Falcon: A Novel Chinese Short Text Classification Method

doi:10.4236/jcc.2018.611021

Journal of Computer and Communications
Vol.06 No.11(2018), Article ID:88778,11 pages
10.4236/jcc.2018.611021

Haiming Li, Haining Huang, Xiang Cao, Jingu Qian

●How to Cite this Article

School of Computer Science and Technology, Shanghai University of Electric Power, Shanghai, China

This work is licensed under the Creative Commons Attribution International License (CC BY 4.0).

http://creativecommons.org/licenses/by/4.0/

Received: September 15, 2018; Accepted: November 24, 2018; Published: November 27, 2018

ABSTRACT

For natural language processing problems, the short text classification is still a research hot topic, with obviously problem in the features sparse, high-dimensional text data and feature representation. In order to express text directly, a simple but new variation which employs one-hot with low-dimension was proposed. In this paper, a Densenet-based model was proposed to short text classification. Furthermore, the feature diversity and reuse were implemented by the concat and average shuffle operation between Resnet and Densenet for enlarging short text feature selection. Finally, some benchmarks were introduced to evaluate the Falcon. From our experimental results, the Falcon method obtained significant improvements in the state-of-art models on most of them in all respects, especially in the first experiment of error rate. To sum up, the Falcon is an efficient and economical model, whilst requiring less computation to achieve high performance.

Keywords:

Short Text Classification, Word Vector Representation, One-Hot, Densenet Networks, Convolutional Neural Networks

1. Introduction

Nowadays, short text classification is the task of automatically assigning pre-defined categories to documents written in natural languages. Several types of text categorization have been studied, each of which deals with different types of documents and categories. With the popularity of social media, short text classification becomes an essential component in many applications, such as topic categorization to detect discussed topics, information filtering, and sentiment classification to determine the sentiment typically in product or movie reviews [1] .
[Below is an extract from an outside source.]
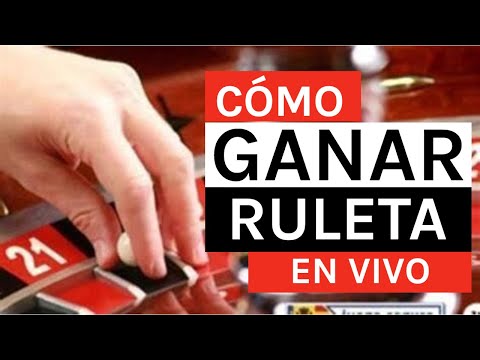Ruleta en vivo 🤵 Jugar a la Live Roulette Online España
Compared with the feature of general Chinese short text, the electric power complaint text has the following special characteristics:

・ The text relates to the field of electric power, which contains a large number of electrical professional vocabularies.
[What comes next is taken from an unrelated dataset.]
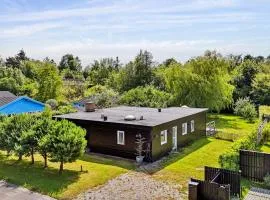 Holiday Home Feli - 800m from the sea by Interhome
・ The characteristics of the text are not obvious, and more margin information is needed to analyze.

・ The text is mixed with too many symbols and numbers.

However, when dealing with shorter text messages, traditional techniques will not perform as well as they would have performed on larger texts.

Some obstructions are encountered when we plan to use Densenet method to deal with electric power complaint text:

・ Sparse features: The method of machine learning is to classify or predict based on features, and various features are constructed in text analysis to match the corresponding features. The effect of text classification is depending on features.

・ Difficult features representation: The sentence modeling aims at representing sentences as meaningful features of tasks such as text classification. The shorter and simpler for text, the harder feature representation.

In order to solve the above problems, we proposed the Falcon approach, which incorporates Resnet Networks and Densely Connected Convolutional Networks. To the best of our knowledge, no Densenet-based work on short text classification has been proposed to date. Meanwhile, we made several innovations in the data processing to accelerate the model training [2] [3] [4] [5] . The main contributions to our work are as follows:

・ Feature extraction: We make innovations on the incorporation model to meet the needs of the classification in short text and make feature extraction become easy.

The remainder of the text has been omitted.